• [WHAT THE TASK ASKS] Exactly as they appear, retype the lines from the one containing "Avon Fine Collectable" through the final line of the data below. Leave pictures out.

● ● ● ● ● ● ●

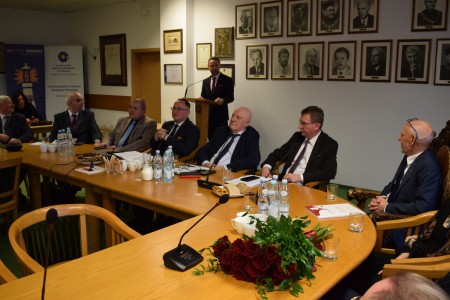 Click to zoom the picture.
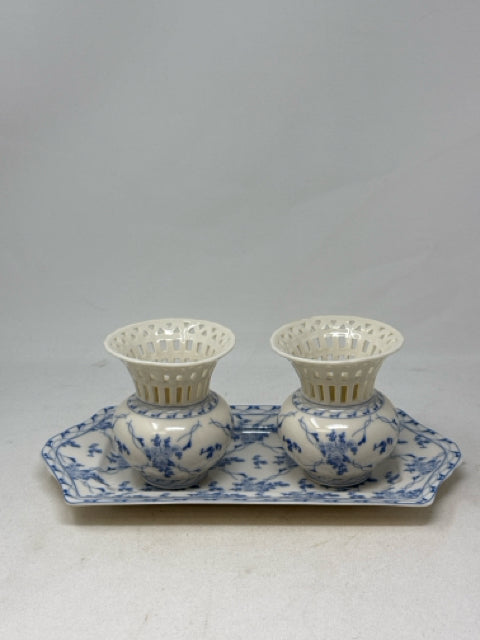 Avon Fine Collectable Blue & White 4" Vases with 6" x 12" Tray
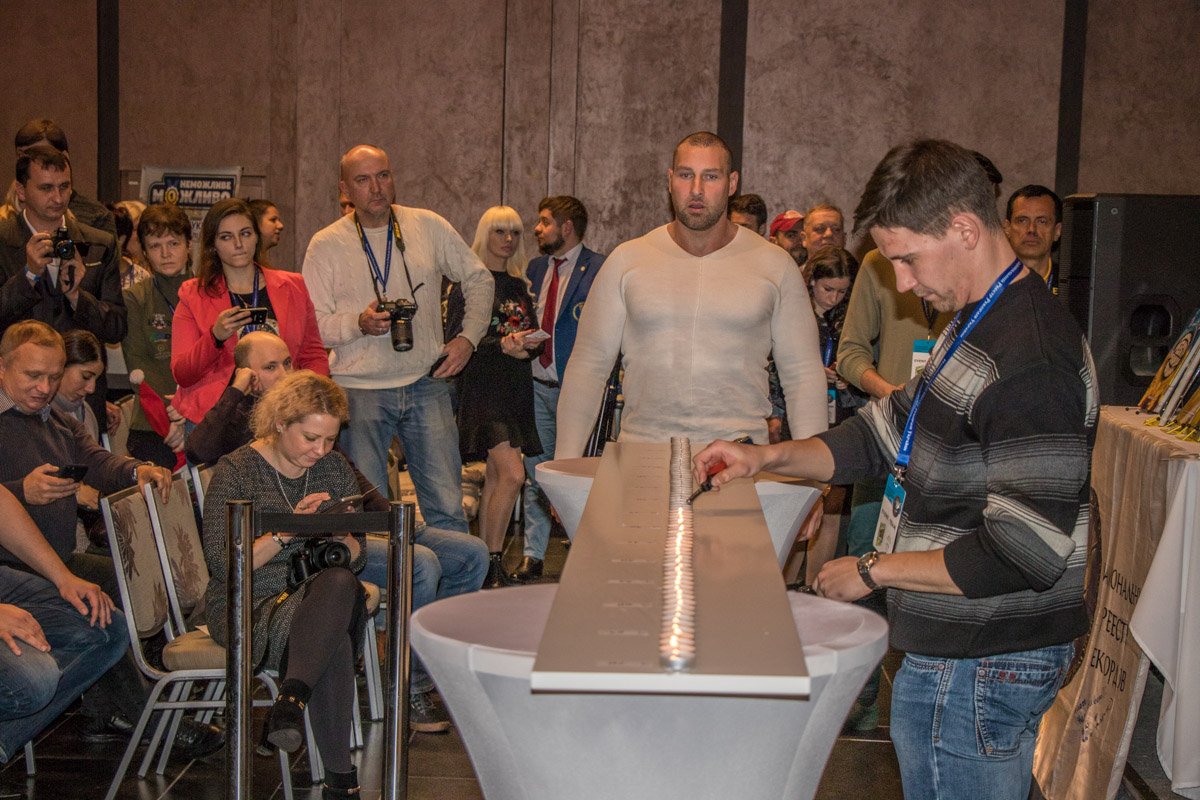 Беларус Кирилл Шимко поставил рекорд по наибольшему количеству задутых свечей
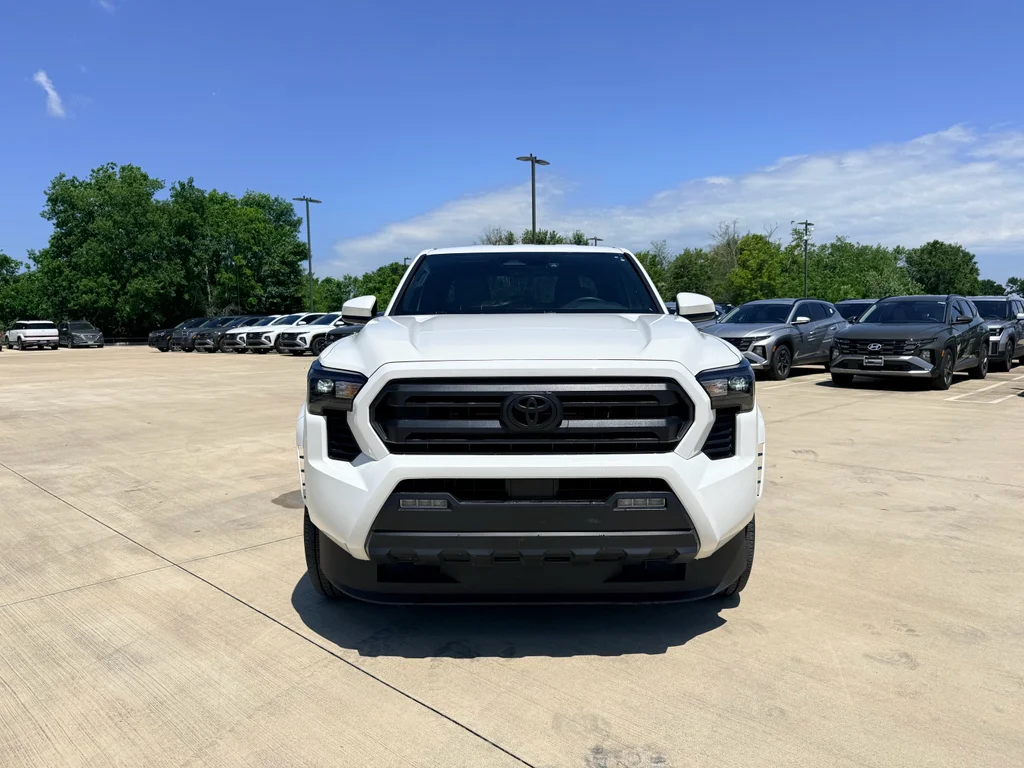 Used 2025 Ice Cap Toyota SR5 image 2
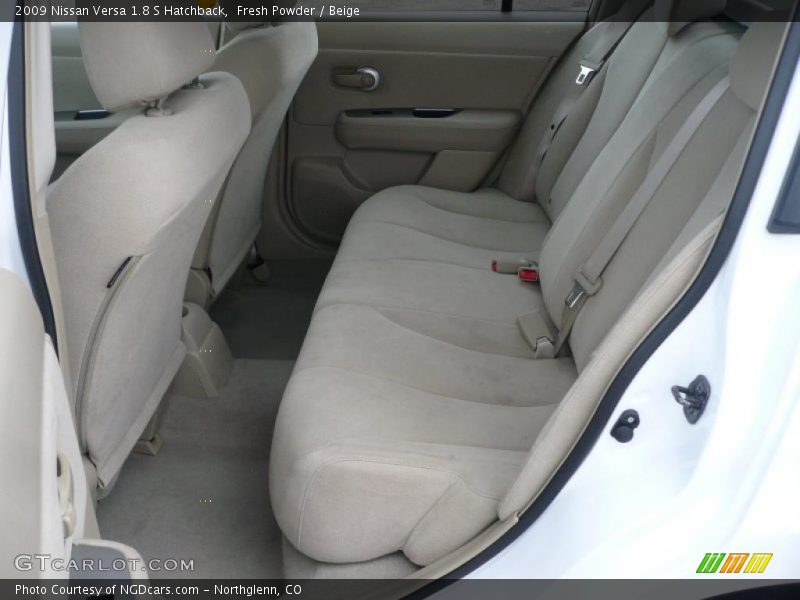 Fresh Powder / Beige 2009 Nissan Versa 1.8 S Hatchback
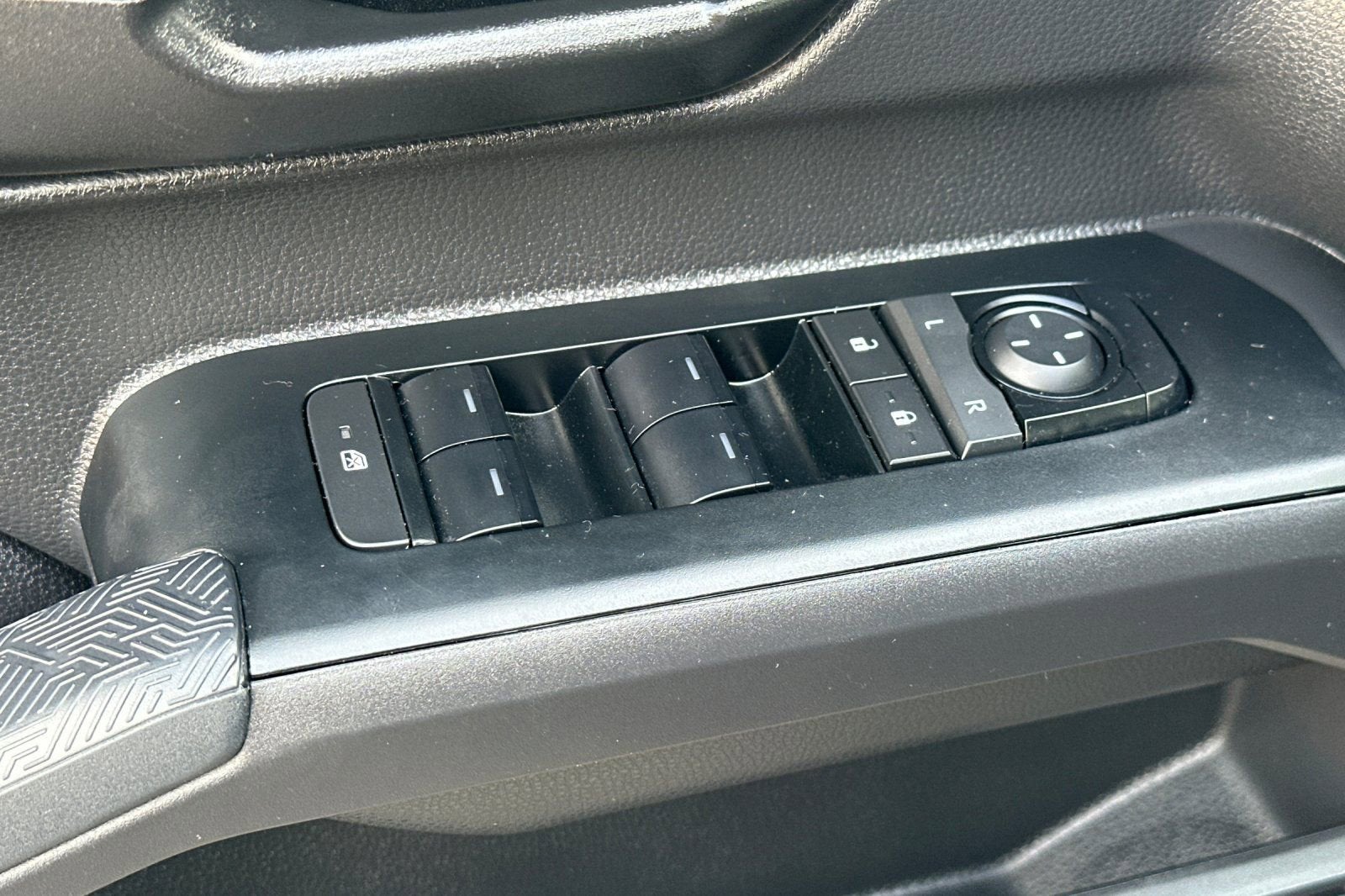 2025 Toyota Tacoma 2WD SR5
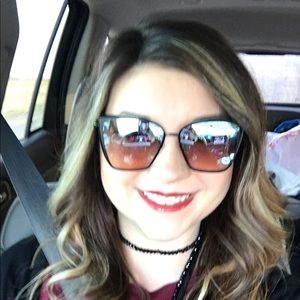 Meet your Posher, Kendall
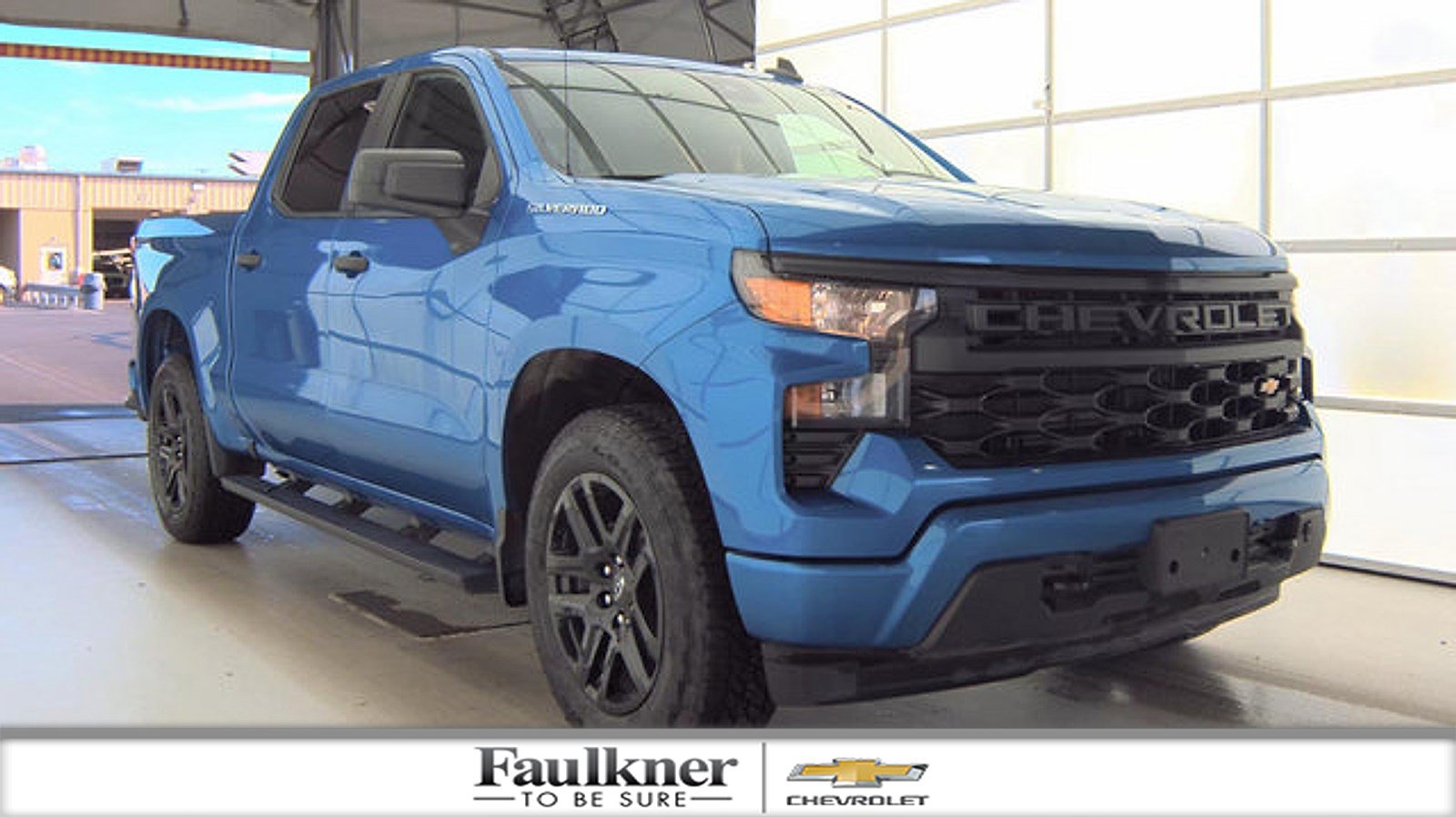 Used 2024 Chevrolet Silverado 1500 Custom AWD/4WD image 1
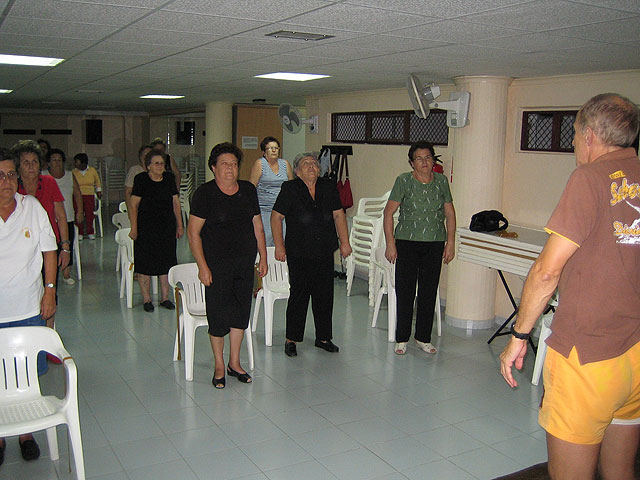 The Senior Center Municipal initiate local organized program of activities for 2009-2010, Foto 2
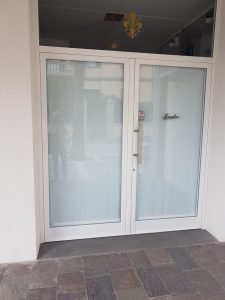 tende a pacchetto a vetro in etamine ignifuga per negozio abbigliamento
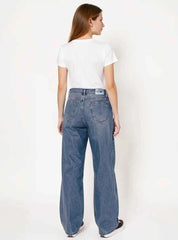 Astron Women’s Light Wash Straight Fit Jeans – Everyday Streetwear Denim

● ● ● ● ● ● ●

• [WRITTEN ANSWER]
 Avon Fine Collectable Blue & White 4" Vases with 6" x 12" Tray
 Беларус Кирилл Шимко поставил рекорд по наибольшему количеству задутых свечей
 Used 2025 Ice Cap Toyota SR5 image 2
 Fresh Powder / Beige 2009 Nissan Versa 1.8 S Hatchback
 2025 Toyota Tacoma 2WD SR5
 Meet your Posher, Kendall
 Used 2024 Chevrolet Silverado 1500 Custom AWD/4WD image 1
 The Senior Center Municipal initiate local organized program of activities for 2009-2010, Foto 2
 tende a pacchetto a vetro in etamine ignifuga per negozio abbigliamento
 Astron Women’s Light Wash Straight Fit Jeans – Everyday Streetwear Denim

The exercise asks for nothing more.